> **Provided entries**:
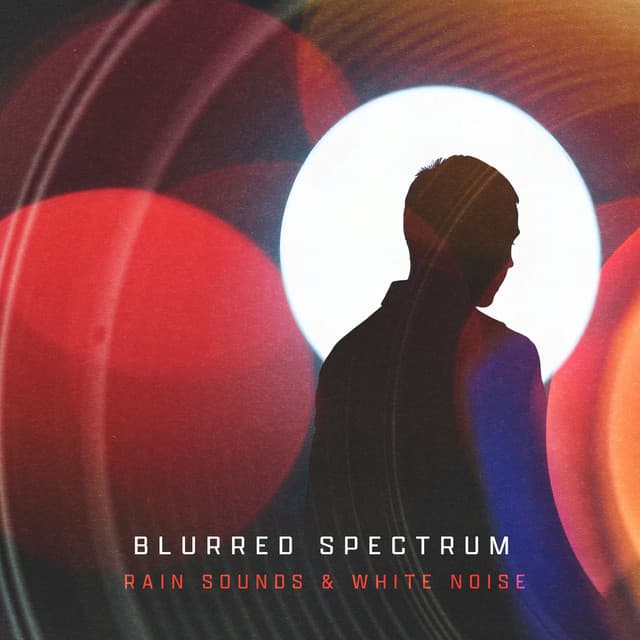 Blurred Spectrum - Rain Sounds & White Noise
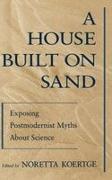 Koertge, Noretta Koertge, Noretta (Professor of the History and Phi Koertge, Noretta Koertge, Noretta (Professor of the History and Philosophy of Science Koertge - House Built on Sand - Exposing Postmodernist Myths About Science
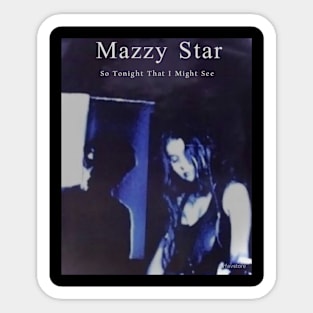 Under the Halah Sky - A Mazzy Star Tribute Sticker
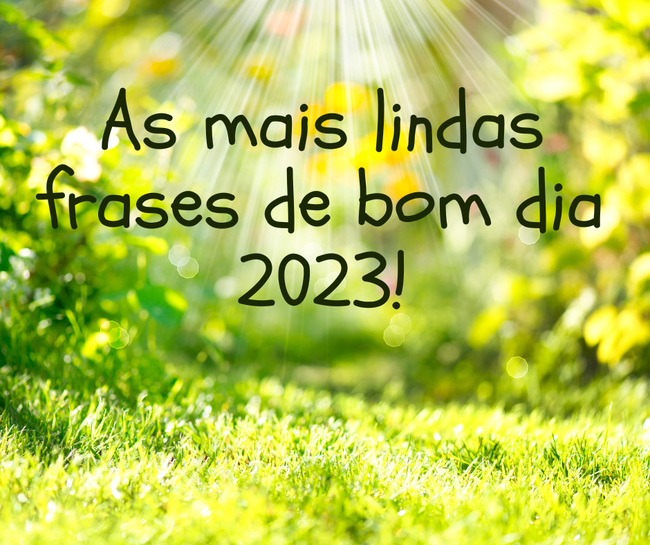 As mais lindas frases de bom dia 2021! - Portugueses felizes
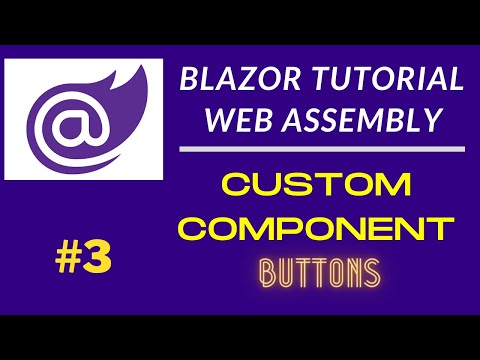 Blazor Custom Components | Custom Buttons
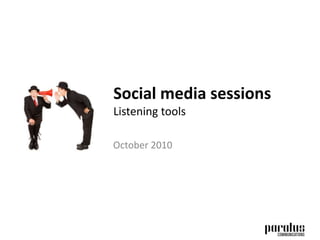 Social media sessionsListening tools October 2010 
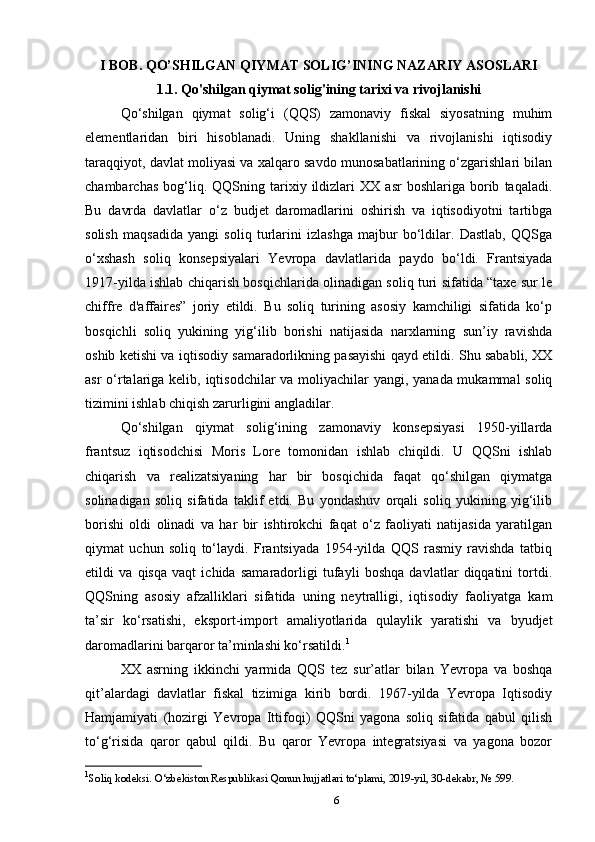 I BOB. QO’SHILGAN QIYMAT SOLIG’INING NAZARIY ASOSLARI
1.1. Qo'shilgan qiymat solig'ining tarixi va rivojlanishi
Qo‘shilgan   qiymat   solig‘i   (QQS)   zamonaviy   fiskal   siyosatning   muhim
elementlaridan   biri   hisoblanadi.   Uning   shakllanishi   va   rivojlanishi   iqtisodiy
taraqqiyot, davlat moliyasi va xalqaro savdo munosabatlarining o‘zgarishlari bilan
chambarchas   bog‘liq.  QQSning  tarixiy  ildizlari   XX   asr   boshlariga   borib   taqaladi.
Bu   davrda   davlatlar   o‘z   budjet   daromadlarini   oshirish   va   iqtisodiyotni   tartibga
solish   maqsadida   yangi   soliq   turlarini   izlashga   majbur   bo‘ldilar.   Dastlab,   QQSga
o‘xshash   soliq   konsepsiyalari   Yevropa   davlatlarida   paydo   bo‘ldi.   Frantsiyada
1917-yilda ishlab chiqarish bosqichlarida olinadigan soliq turi sifatida “taxe sur le
chiffre   d'affaires”   joriy   etildi.   Bu   soliq   turining   asosiy   kamchiligi   sifatida   ko‘p
bosqichli   soliq   yukining   yig‘ilib   borishi   natijasida   narxlarning   sun’iy   ravishda
oshib ketishi va iqtisodiy samaradorlikning pasayishi qayd etildi. Shu sababli, XX
asr  o‘rtalariga kelib, iqtisodchilar  va moliyachilar yangi, yanada mukammal  soliq
tizimini ishlab chiqish zarurligini angladilar.
Qo‘shilgan   qiymat   solig‘ining   zamonaviy   konsepsiyasi   1950-yillarda
frantsuz   iqtisodchisi   Moris   Lore   tomonidan   ishlab   chiqildi.   U   QQSni   ishlab
chiqarish   va   realizatsiyaning   har   bir   bosqichida   faqat   qo‘shilgan   qiymatga
solinadigan   soliq   sifatida   taklif   etdi.   Bu   yondashuv   orqali   soliq   yukining   yig‘ilib
borishi   oldi   olinadi   va   har   bir   ishtirokchi   faqat   o‘z   faoliyati   natijasida   yaratilgan
qiymat   uchun   soliq   to‘laydi.   Frantsiyada   1954-yilda   QQS   rasmiy   ravishda   tatbiq
etildi   va   qisqa   vaqt   ichida   samaradorligi   tufayli   boshqa   davlatlar   diqqatini   tortdi.
QQSning   asosiy   afzalliklari   sifatida   uning   neytralligi,   iqtisodiy   faoliyatga   kam
ta’sir   ko‘rsatishi,   eksport-import   amaliyotlarida   qulaylik   yaratishi   va   byudjet
daromadlarini barqaror ta’minlashi ko‘rsatildi. 1
XX   asrning   ikkinchi   yarmida   QQS   tez   sur’atlar   bilan   Yevropa   va   boshqa
qit’alardagi   davlatlar   fiskal   tizimiga   kirib   bordi.   1967-yilda   Yevropa   Iqtisodiy
Hamjamiyati   (hozirgi   Yevropa   Ittifoqi)   QQSni   yagona   soliq   sifatida   qabul   qilish
to‘g‘risida   qaror   qabul   qildi.   Bu   qaror   Yevropa   integratsiyasi   va   yagona   bozor
1
Soliq kodeksi. O‘zbekiston Respublikasi Qonun hujjatlari to‘plami, 2019-yil, 30-dekabr, № 599.
6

> **Work required**: Pictures stay out of this copy; write out the entries above exactly.

> **Result of the exercise**:
 Blurred Spectrum - Rain Sounds & White Noise
 Koertge, Noretta Koertge, Noretta (Professor of the History and Phi Koertge, Noretta Koertge, Noretta (Professor of the History and Philosophy of Science Koertge - House Built on Sand - Exposing Postmodernist Myths About Science
 Under the Halah Sky - A Mazzy Star Tribute Sticker
 As mais lindas frases de bom dia 2021! - Portugueses felizes
 Blazor Custom Components | Custom Buttons
 Social media sessionsListening tools October 2010 
 I BOB. QO’SHILGAN QIYMAT SOLIG’INING NAZARIY ASOSLARI
1.1. Qo'shilgan qiymat solig'ining tarixi va rivojlanishi
Qo‘shilgan   qiymat   solig‘i   (QQS)   zamonaviy   fiskal   siyosatning   muhim
elementlaridan   biri   hisoblanadi.   Uning   shakllanishi   va   rivojlanishi   iqtisodiy
taraqqiyot, davlat moliyasi va xalqaro savdo munosabatlarining o‘zgarishlari bilan
chambarchas   bog‘liq.  QQSning  tarixiy  ildizlari   XX   asr   boshlariga   borib   taqaladi.
Bu   davrda   davlatlar   o‘z   budjet   daromadlarini   oshirish   va   iqtisodiyotni   tartibga
solish   maqsadida   yangi   soliq   turlarini   izlashga   majbur   bo‘ldilar.   Dastlab,   QQSga
o‘xshash   soliq   konsepsiyalari   Yevropa   davlatlarida   paydo   bo‘ldi.   Frantsiyada
1917-yilda ishlab chiqarish bosqichlarida olinadigan soliq turi sifatida “taxe sur le
chiffre   d'affaires”   joriy   etildi.   Bu   soliq   turining   asosiy   kamchiligi   sifatida   ko‘p
bosqichli   soliq   yukining   yig‘ilib   borishi   natijasida   narxlarning   sun’iy   ravishda
oshib ketishi va iqtisodiy samaradorlikning pasayishi qayd etildi. Shu sababli, XX
asr  o‘rtalariga kelib, iqtisodchilar  va moliyachilar yangi, yanada mukammal  soliq
tizimini ishlab chiqish zarurligini angladilar.
Qo‘shilgan   qiymat   solig‘ining   zamonaviy   konsepsiyasi   1950-yillarda
frantsuz   iqtisodchisi   Moris   Lore   tomonidan   ishlab   chiqildi.   U   QQSni   ishlab
chiqarish   va   realizatsiyaning   har   bir   bosqichida   faqat   qo‘shilgan   qiymatga
solinadigan   soliq   sifatida   taklif   etdi.   Bu   yondashuv   orqali   soliq   yukining   yig‘ilib
borishi   oldi   olinadi   va   har   bir   ishtirokchi   faqat   o‘z   faoliyati   natijasida   yaratilgan
qiymat   uchun   soliq   to‘laydi.   Frantsiyada   1954-yilda   QQS   rasmiy   ravishda   tatbiq
etildi   va   qisqa   vaqt   ichida   samaradorligi   tufayli   boshqa   davlatlar   diqqatini   tortdi.
QQSning   asosiy   afzalliklari   sifatida   uning   neytralligi,   iqtisodiy   faoliyatga   kam
ta’sir   ko‘rsatishi,   eksport-import   amaliyotlarida   qulaylik   yaratishi   va   byudjet
daromadlarini barqaror ta’minlashi ko‘rsatildi. 1
XX   asrning   ikkinchi   yarmida   QQS   tez   sur’atlar   bilan   Yevropa   va   boshqa
qit’alardagi   davlatlar   fiskal   tizimiga   kirib   bordi.   1967-yilda   Yevropa   Iqtisodiy
Hamjamiyati   (hozirgi   Yevropa   Ittifoqi)   QQSni   yagona   soliq   sifatida   qabul   qilish
to‘g‘risida   qaror   qabul   qildi.   Bu   qaror   Yevropa   integratsiyasi   va   yagona   bozor
1
Soliq kodeksi. O‘zbekiston Respublikasi Qonun hujjatlari to‘plami, 2019-yil, 30-dekabr, № 599.
6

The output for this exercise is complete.